5. The radar channel correction method according to claim 3, characterized in that, Before the step of correcting the transmission channel and the reception channel based on the transmission channel correction coefficient and the reception channel correction coefficient respectively to compensate for channel differences in real time, the method further includes: Noise suppression is applied to the correction coefficients of the transmission channel and the correction coefficients of the calibration channel, respectively.

6. The radar channel correction method according to claim 5, characterized in that, Noise suppression is performed on the transmit channel correction coefficient and the calibration channel correction coefficient, respectively, including: The amplitude correction coefficients of the transmission channel, the phase compensation angle of the transmission channel, and the time delay compensation amount of the transmission channel are fitted together.
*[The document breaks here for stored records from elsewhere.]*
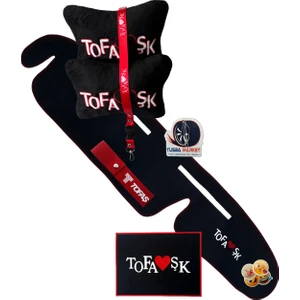 Tusba Market Tofaş Şahin Doğan Kartal Nakışlı Yüksek Göğüs Siyah Torpido Halısı / Polar Oto Yastık & Oto Aksesuar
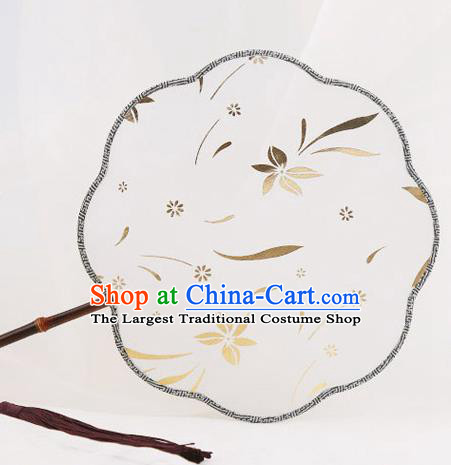 Traditional Chinese Crafts Palace Fans Round Fans Ancient Princess Gilding Silk Fan for Women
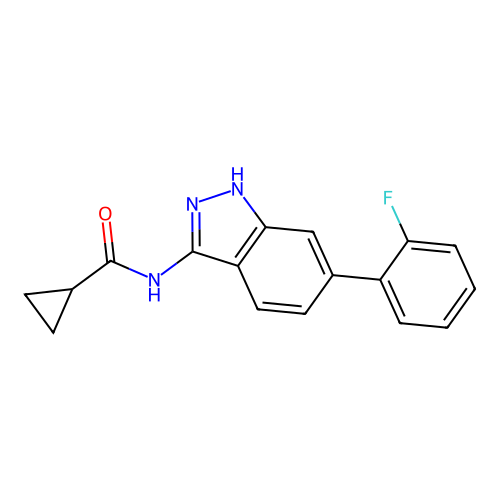 N-[6-(2-fluorophenyl)-1H-indazol-3-yl]cyclopropanecarboxamide structure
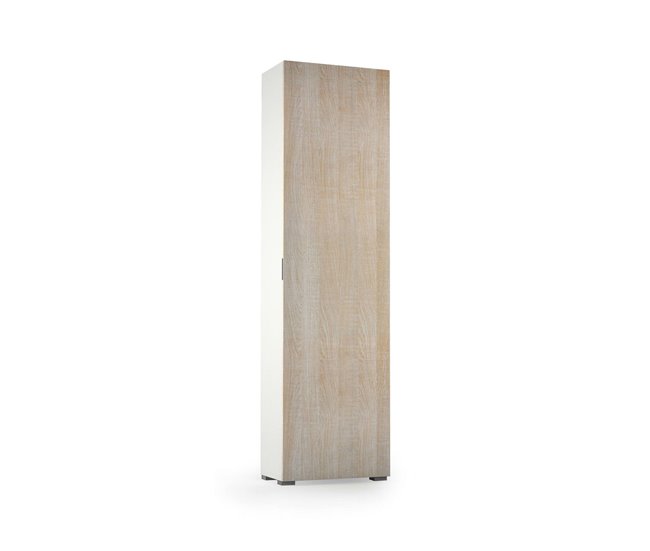 Armário multiuso com 1 porta efeito madeira Branco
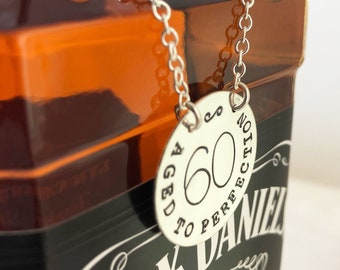 Personalized Decanter Label / Bottle Tag in Sterling Silver – Birthday or Anniversary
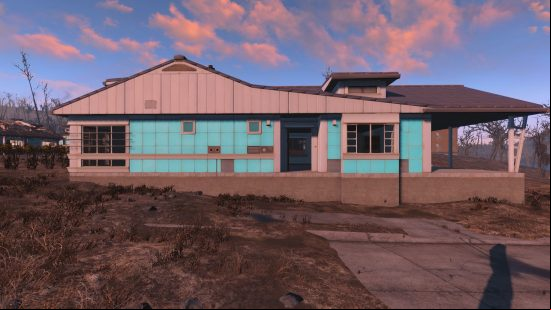Best Fallout 4 mods: A cleaned-up retrofuturistic suburban house with blue s and a concrete porch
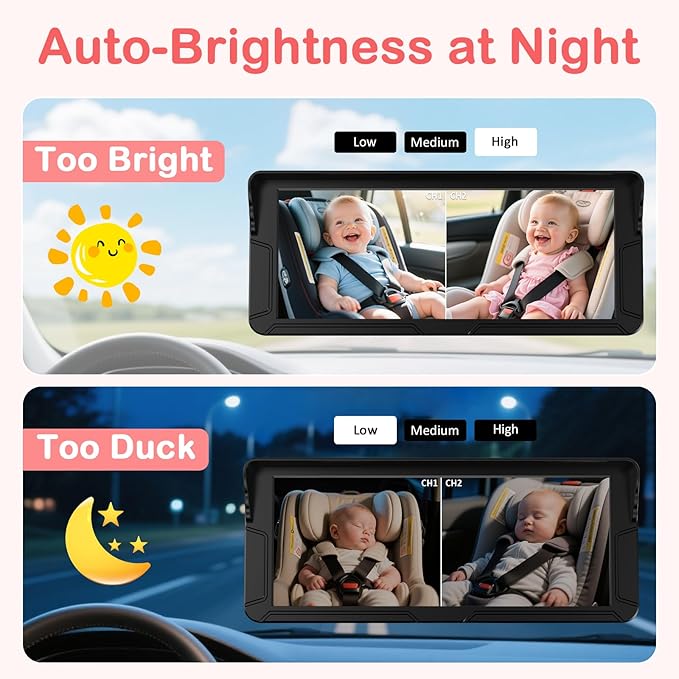HD 1080P Baby Car Camera for 2 Kids: 5-Min Install for New Parents 6.9" Split - Image 6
The average value is taken for multiple sets of the amplitude correction coefficient of the receiving channel, the phase compensation angle of the receiving channel, and the delay compensation amount of the calibration channel; The delay compensation amounts for the transmission channel and the calibration channel are subjected to mean filtering or interpolation smoothing.

7. A radar channel correction device, characterized in that, include: The response module is used to generate a calibration analog signal in response to a calibration request; The input module is used to input the calibration analog signal into the transmit channel and the calibration channel respectively to obtain the transmit channel analog signal and the receive channel analog signal; the calibration channel is indirectly connected to the receive channel through an excitation signal, a channel and an antenna; The response characteristic acquisition module is used to extract the transmission channel response characteristics and the receiving channel response characteristics from the transmission channel analog signal and the receiving channel analog signal, respectively. The correction coefficient calculation module is used to calculate the transmission channel correction coefficient and the reception channel correction coefficient based on the transmission channel response characteristics and the reception channel response characteristics, respectively. The correction module is used to correct the transmission channel and the receiving channel based on the transmission channel correction coefficient and the receiving channel correction coefficient, respectively, so as to compensate for channel differences in real time.

8. An electronic device, characterized in that, It includes a processor and a memory, the memory storing computer-readable instructions that, when executed by the processor, perform the method as described in any one of claims 1-6.

9. A storage medium having a computer program stored thereon, characterized in that, When the computer program is executed by a processor, it performs the method as described in any one of claims 1-6.

10. A computer program product, comprising a computer program, characterized in that, When the computer program is executed by a processor, it implements the method of any one of claims 1-6.